About four and a half years have passed since this design was completed, and according to Moore's Law, processing speeds should have doubled three times in that period. Of course, estimating in this fashion is a poor substitute for the careful analysis and design effort that went into the earlier design. The original chip design was done in a 0.8 micron CMOS process, and with the geometries available today, it is possible to fit four instances of the original design into the same silicon area. In keeping with the conservative approach to estimates in the 1993 paper, we assume here that the updated key search chip's clock speed would increase to only 75 MHz from the original 50 MHz, making the modern version of the chip six times faster for the same cost. It is interesting to note that just 21 of these chips would give the same key searching power as the entire set of computers used by the team who solved the DES challenge.

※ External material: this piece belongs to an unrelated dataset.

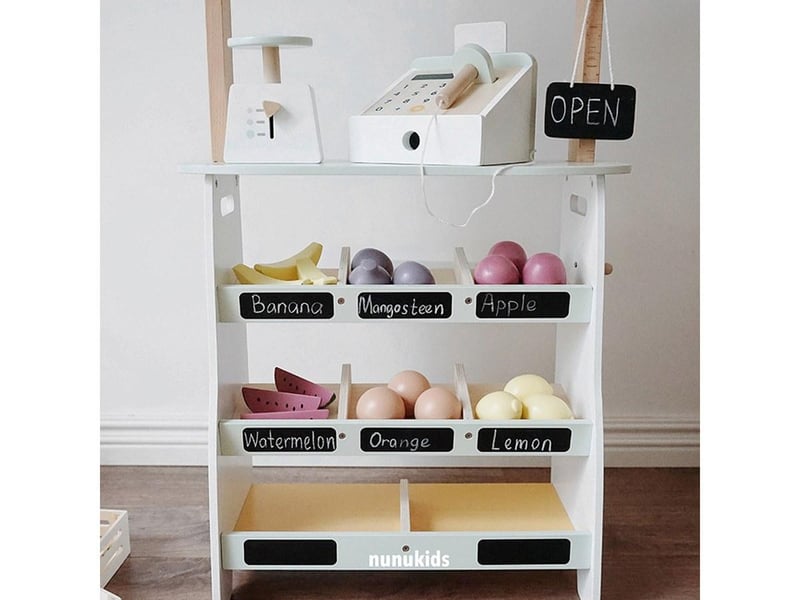  Stand de marché en bois - avec chariot, fruits et accessoires - 95,5 cm GTK449 - Conforama C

Today's version of the $1 million machine could find a DES key in, on average, about 35 minutes (one-sixth of 3.5 hours). This time scales linearly with the amount of money spent as shown in the following table.
Key Search Machine Cost | Expected Search Time |
$10,000 |
2.5 days |
$100,000 |
6 hours |
$1,000,000 |
35 minutes |
$10,000,000 |
3.5 minutes |
Note that the costs listed in the table do not include the cost to design the chip and boards for the machine. Because the one-time costs could be as high as half a million dollars, it does not make much sense to build the cheaper versions of the machine, unless several are built for different customers.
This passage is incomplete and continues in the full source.